▸ PROBLEM REQUIREMENTS:
Start at the line that contains "Side profile of" in the listing below and extract every line through the last, exactly; leave pictures out.

** TASK INPUT follows **

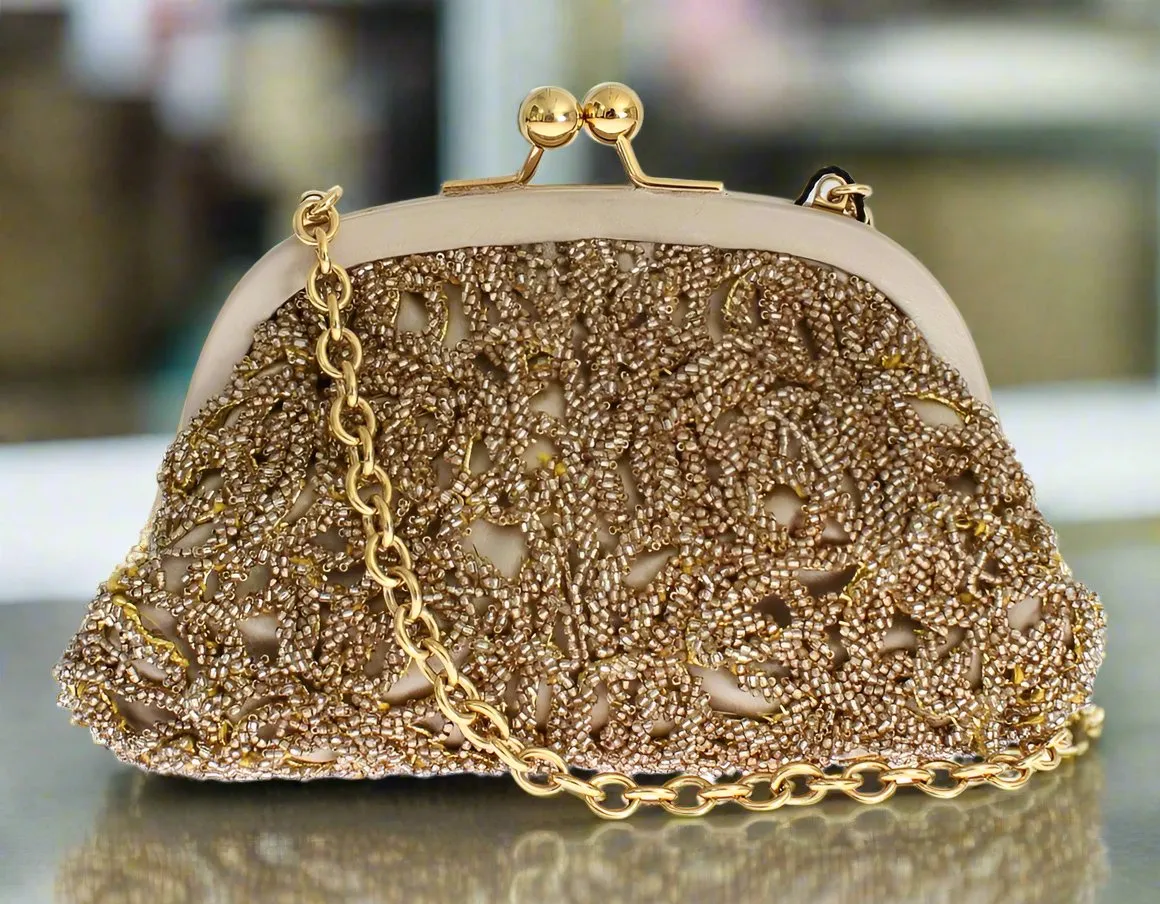 DOLCE & GABBANA Glimmering Gold Sequined Evening Clutch
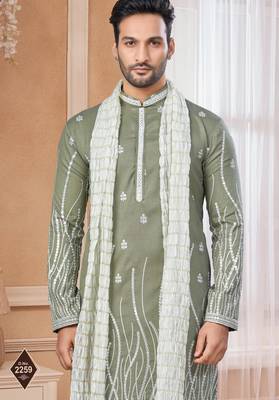 Mehndi colour kurta pajama set with zari embroidery & fancy buttons 2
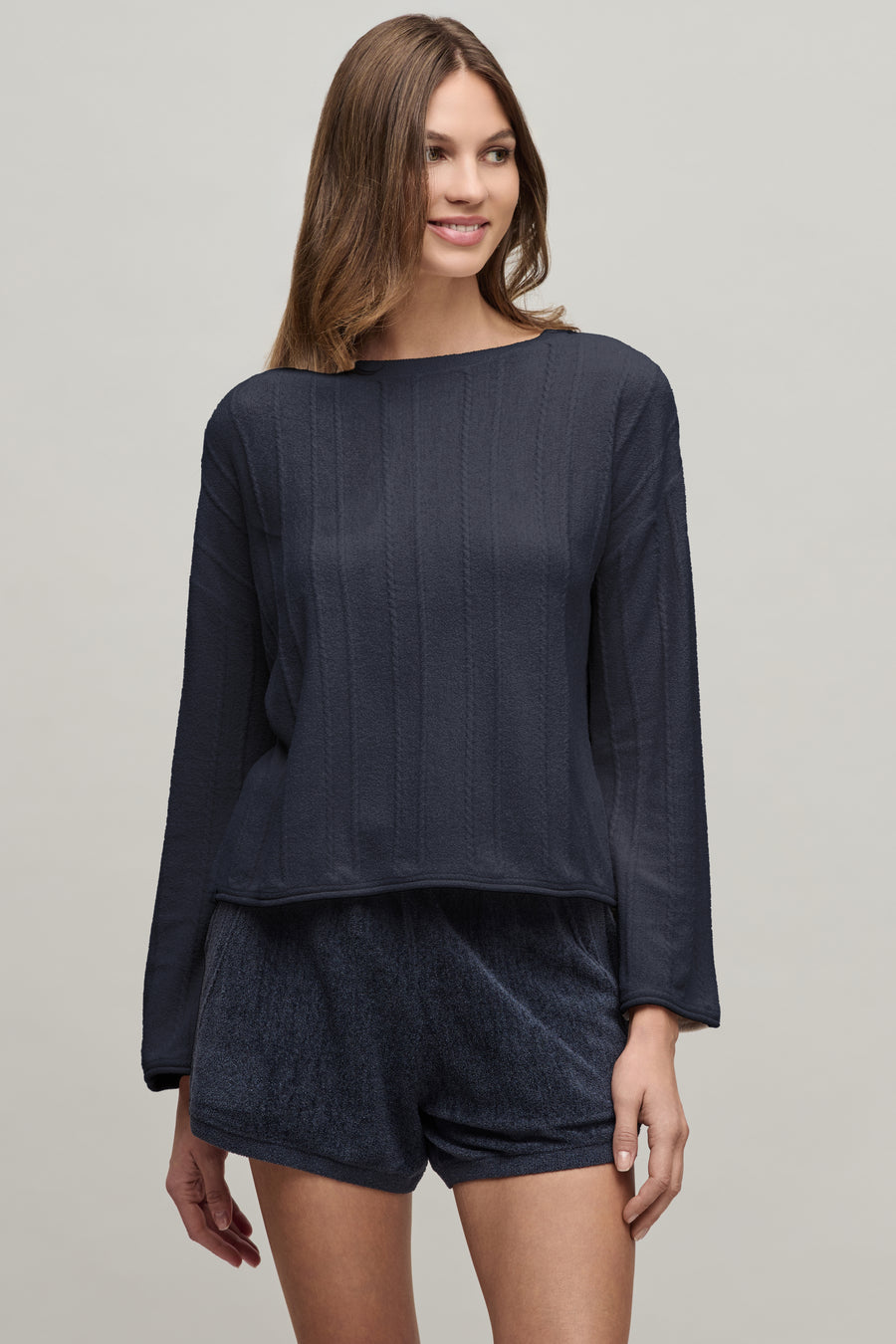 Barefoot Dreams CozyChic Ultra Lite Rope Stitch Boatneck Pullover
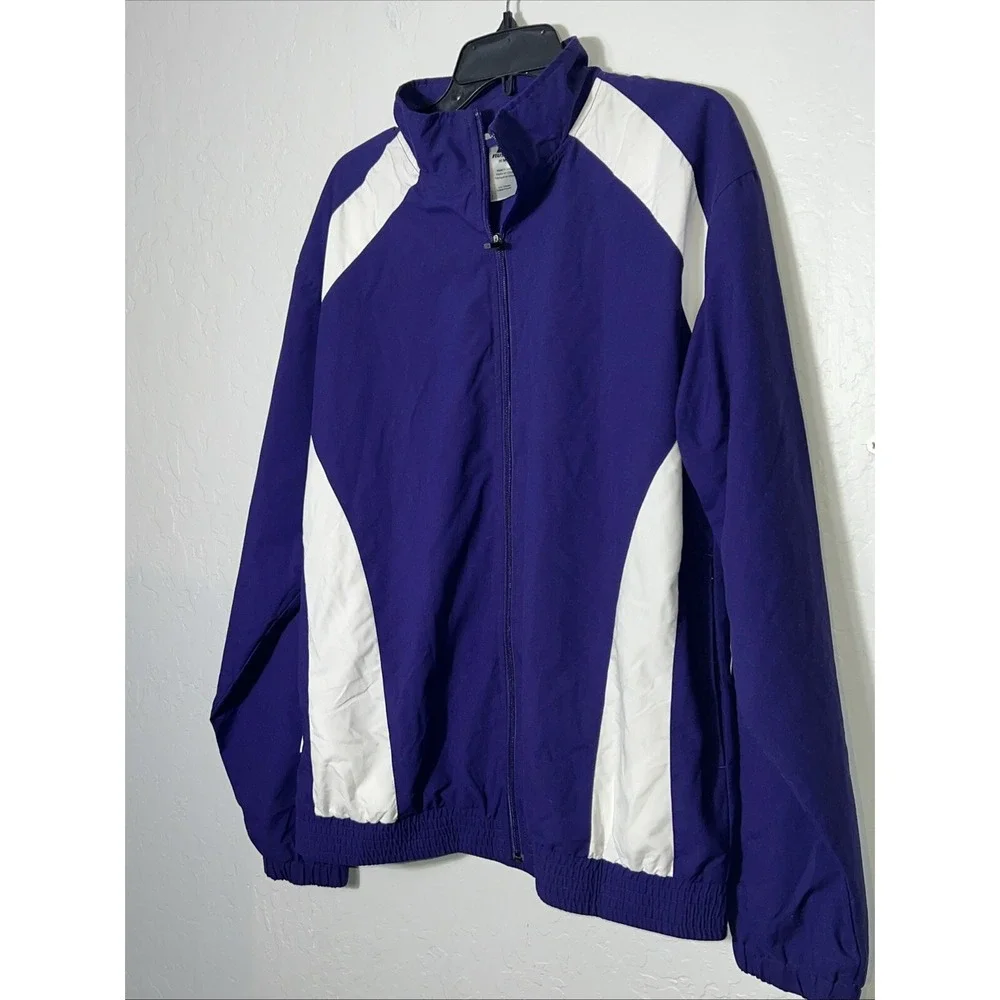 Vintage‎ Russel Men's Medium Full Zip Windbreaker. Purple & White ✅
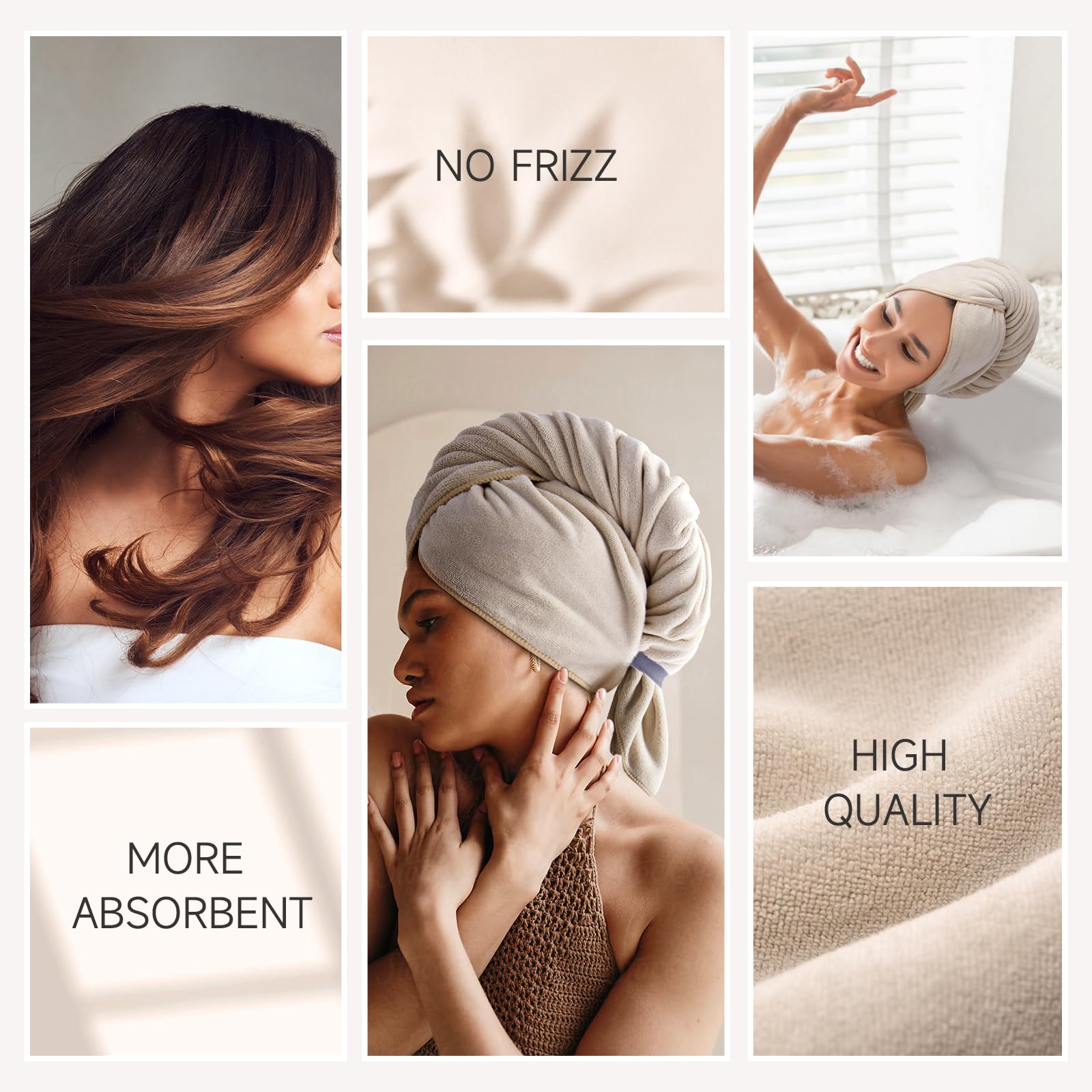 Side profile of Umisleep microfiber hair towel on long hair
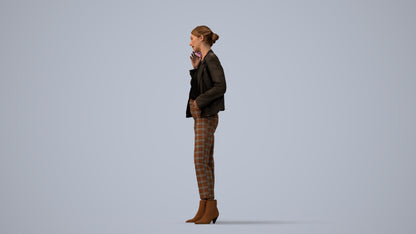 3D scanned woman standing business, photorealistic archviz people for Enscape and SketchUp, three-quarter view render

** End of TASK INPUT **

▸ SOLUTION TO THIS TASK:
 Side profile of Umisleep microfiber hair towel on long hair
 3D scanned woman standing business, photorealistic archviz people for Enscape and SketchUp, three-quarter view render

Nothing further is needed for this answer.